Accenture, together with Vodafone Procure & Connect and SAP, announced at HANNOVER MESSE 2026 that it is piloting the use of humanoid robotics in warehouse environments, demonstrating how physical AI can enhance operational efficiency, improve safety and enable new approaches to workforce and business model design.
Accenture said that the initiative reflects its focus on applying advanced robotics and physical AI in real-world industrial environments, helping organizations move from experimentation to practical deployment at scale. The company said that it also explores how humanoid robots could support the evolution of future workforce models and create new revenue opportunities across industries.
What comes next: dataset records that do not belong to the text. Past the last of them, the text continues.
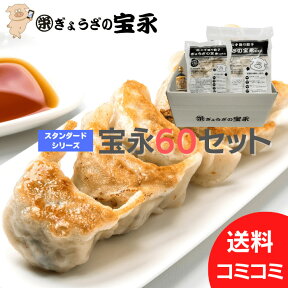 宝永60セット（専用たれ付き）ぎょうざの宝永 北海道 冷凍餃子 ぎょうざ お取り寄せ 贈り物 ギフト ギョーザ お中元 お歳暮 マツコの知らない世界 メディア テレビ 餃子 送料無料 母の日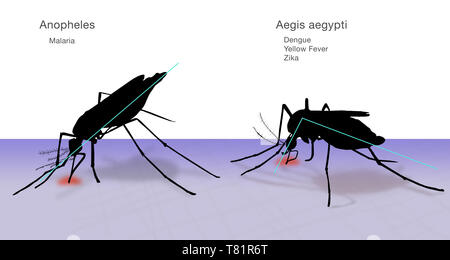 Confronto di Anopheles e Aedes aegypti zanzare, illustrazione Foto Stock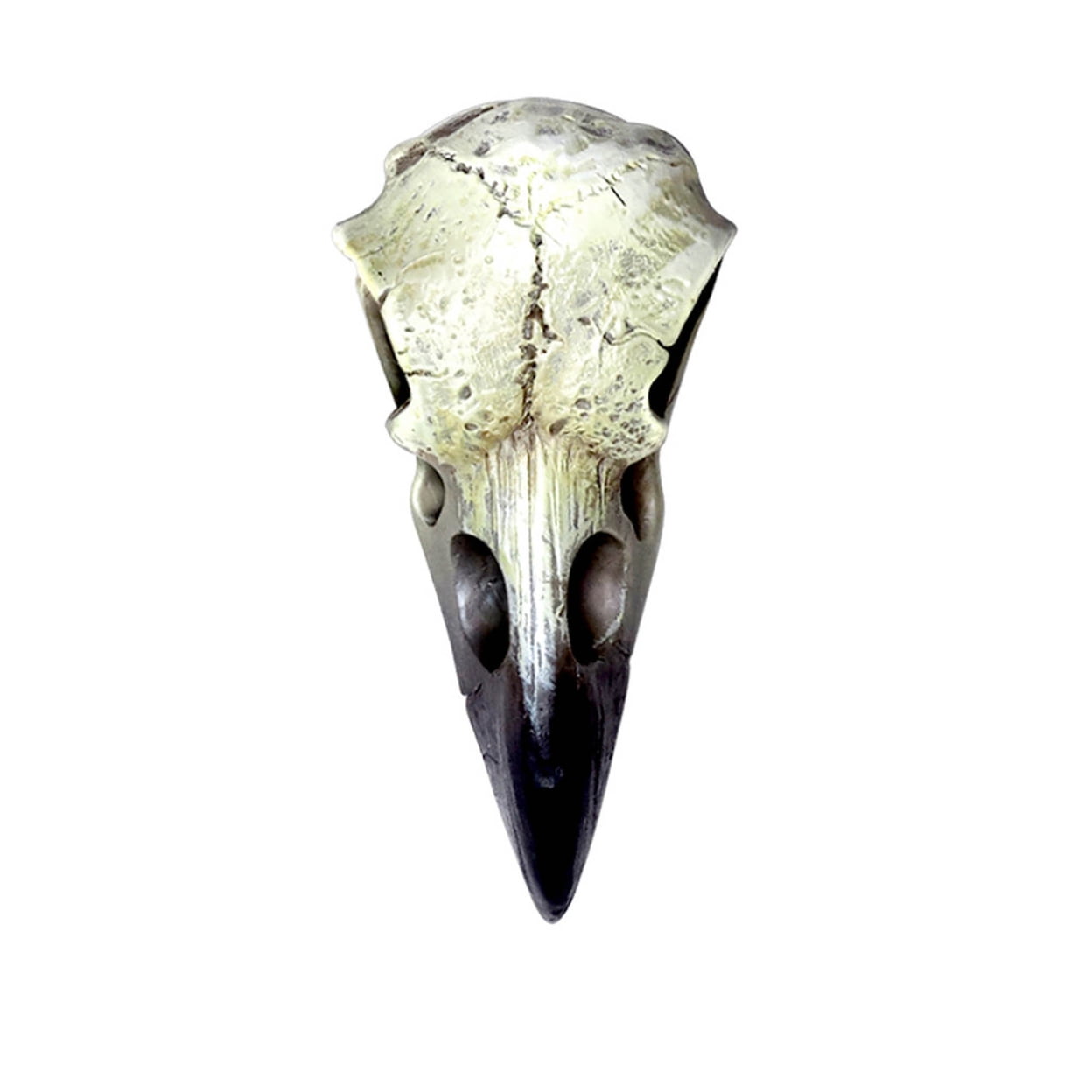 V66 Reliquary Raven Skull, Poly Resin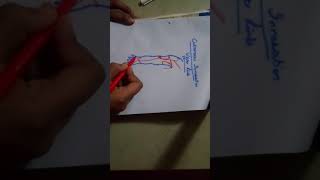 upper limb CUTANEOUS INNERVATION learn on FINGERTIPSanterior side [upl. by Ansilme232]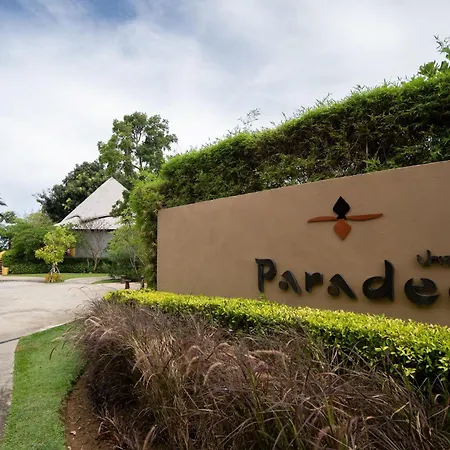 Paradee (Adults Only)-3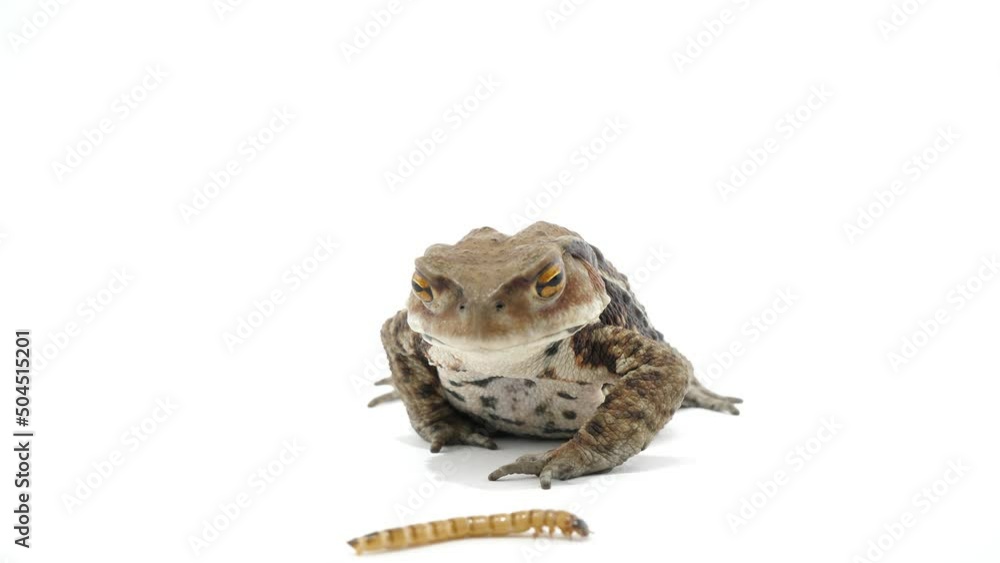 虫を捕まえて食べるヒキガエル 虫を捕まえて食べるヒキガエル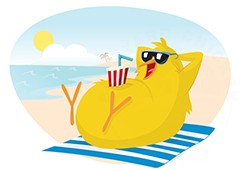 chicken at the beach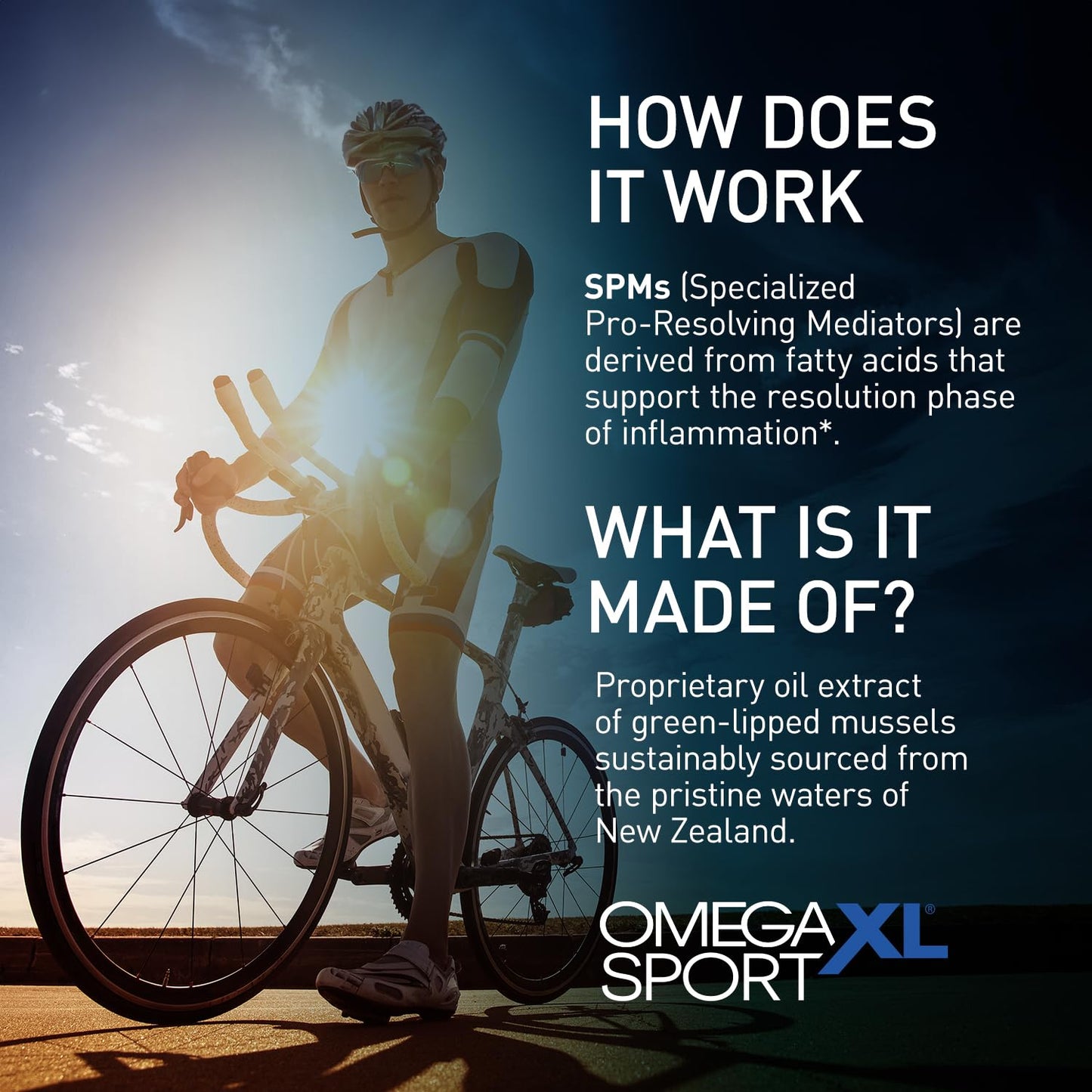 OmegaXL Joint Support Supplement – Advanced Joint & Muscle Relief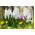 Hyacinthus Aiolos - Hyacinth Aiolos - 3 bulbs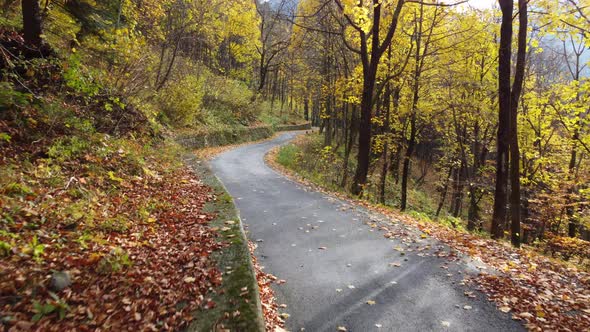 Autumn road in mountain forest, yellow and red foliage trees aerial view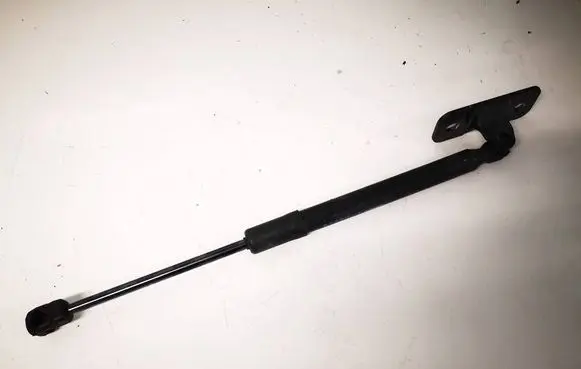 Tesla Model 3 Tailgate/trunk strut/damper 164598900A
The pilot program was conducted at Vodafone Procure & Connect’s warehouse in Duisburg, Germany, where humanoid robots were deployed to operate alongside existing warehouse systems. The robot received inspection tasks through the SAP Extended Warehouse Management system and autonomously carried out visual inspections across the facility.
“Trained in digital twins and powered by physical AI, humanoid robots can reduce worker injuries and other warehouse safety incidents and lower overtime costs and the dependency on temporary labor,” said Christian Souche, advanced robotics lead at Accenture. “Equally important, Vodafone Procure & Connect will gather valuable data and insights on robot deployment and performance as a basis for a future humanoid workforce solutions business.”
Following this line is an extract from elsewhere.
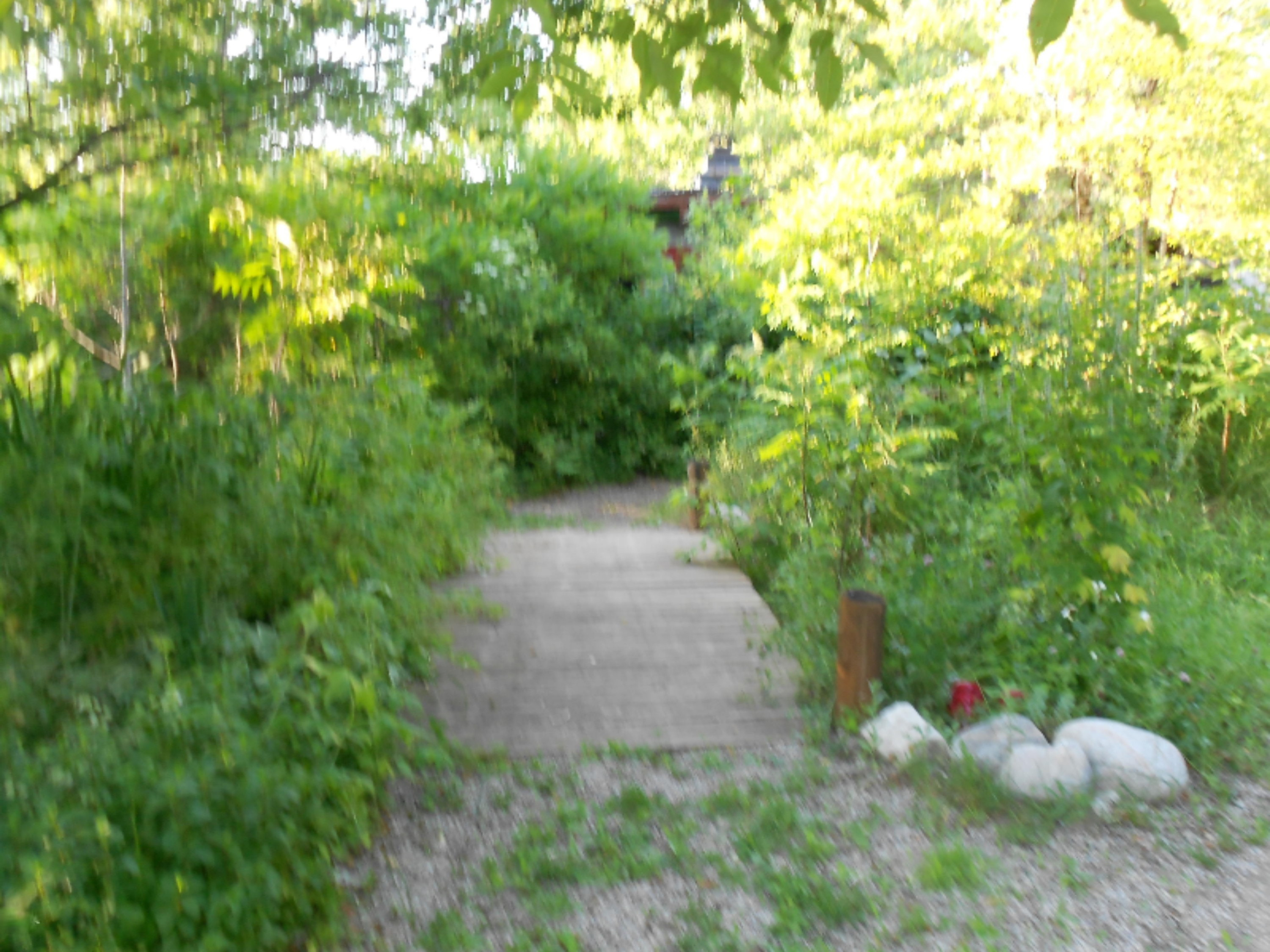 6493 Wolf Road Thompsonville, MI 49683 - Photo 44 of 45 DSCN0060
During the pilot, the humanoid robot identified operational inefficiencies, safety risks and optimization opportunities across warehouse processes. It detected misplaced or damaged products, assessed pallet stacking and weight distribution, highlighted unused storage space, and identified potential hazards such as obstacles in aisles or misaligned pallets. Accenture said that the robot reported its findings and recommendations directly into the SAP system, enabling real-time visibility and more informed operational decision-making.
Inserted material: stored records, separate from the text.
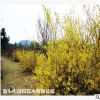 低價供應(yīng)綠化苗木連翹花木農(nóng)戶自家花場直銷寵物及園藝園林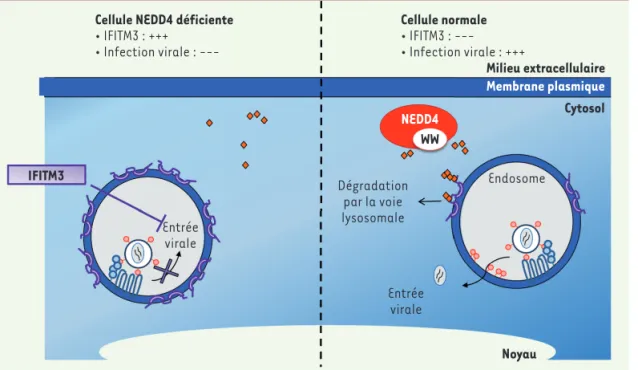 Figure 2. Régulation  du niveau  intracel-lulaire d’IFITM3 par  NEDD4. Dans les  cel-lules normales (partie  de droite), l’ubiquitine  ligase E3 NEDD4  recon-naît un motif PPxY de  l’extrémité  aminoter-minale de la protéine  IFITM3 (en violet)  grâce à so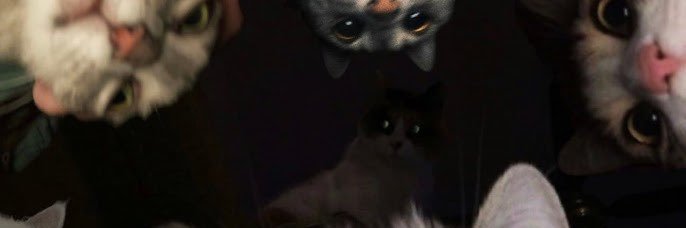 Chrysanthemum🤘 banner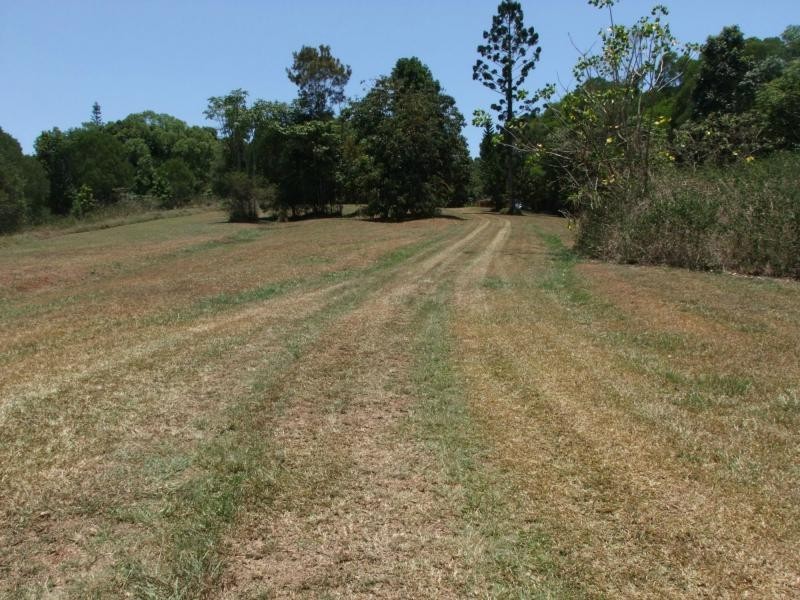 Yungaburra QLD 4884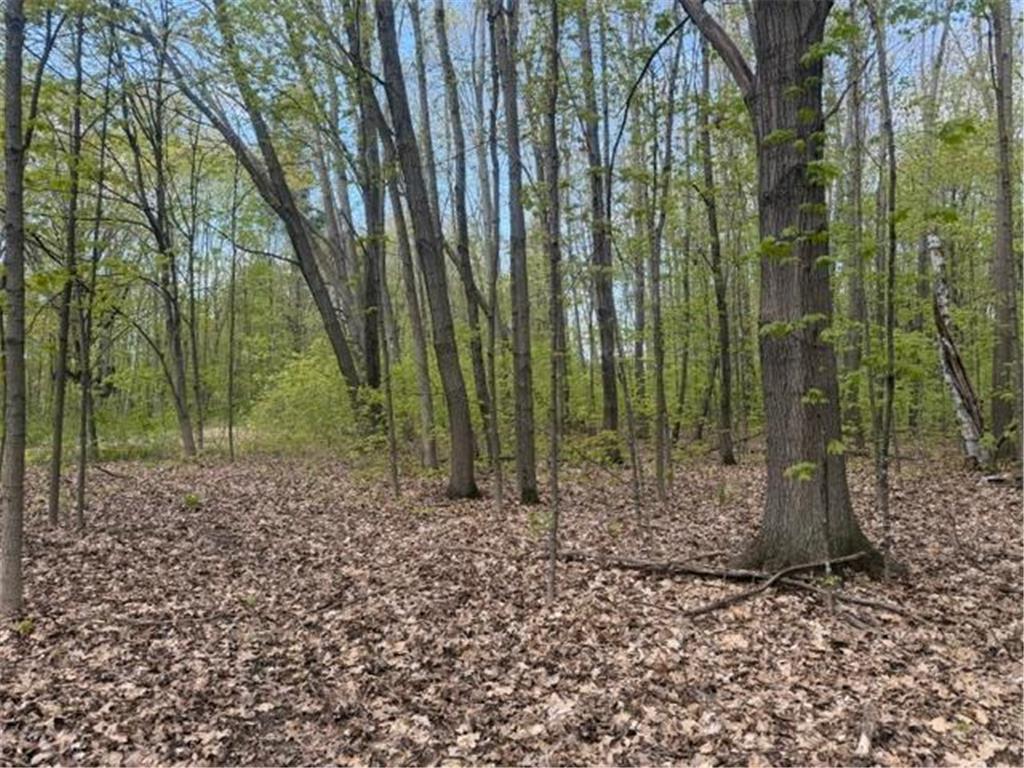 TBD 1st Street Taylors Falls MN 55084 7062174 image4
“Through this pilot, we are exploring how humanoid robotics can improve efficiency, safety and operational visibility in our warehouse operations,” said Reinhard Stefan Plaza Bartsch, global network logistics director at Vodafone Procure & Connect. “It also gives us a clearer view of how these capabilities could scale across our supply chain and support future business models.”
SAP led the integration of the robots into the warehouse management system, while Accenture designed and deployed the robot intelligence and operational framework, drawing on its background in physical AI, advanced robotics and digital twin environments.
“At Vodafone Procure & Connect, we're leveraging Joule, SAP’s AI execution fabric and interface for embodied AI, connecting robots to end-to-end processes and business logic and enabling them to know why, when and how to act,” said Dr. Lukasz Ostrowski, head of Embodied AI & Robotics, SAP. “By grounding actions in trusted SAP data, we can automate health and safety incident reporting and real-time inventory validation to protect workers and strengthen compliance through consistent auditable workflows.”
Accenture said that the humanoid robots used in the pilot are powered by its Robot Brain, enabling them to interact naturally with human operators through voice, gestures and text.
They are trained in digital twins of warehouse environments, built on Accenture’s Physical AI Orchestrator, which uses NVIDIA Omniverse libraries, the Mega NVIDIA Omniverse Blueprint and the NVIDIA Metropolis libraries and Blueprint for video search and summarization for the deployment of visual AI agents. Accenture said this allows the robots to go beyond single repetitive functions and learn new skills through imitation and reinforcement learning.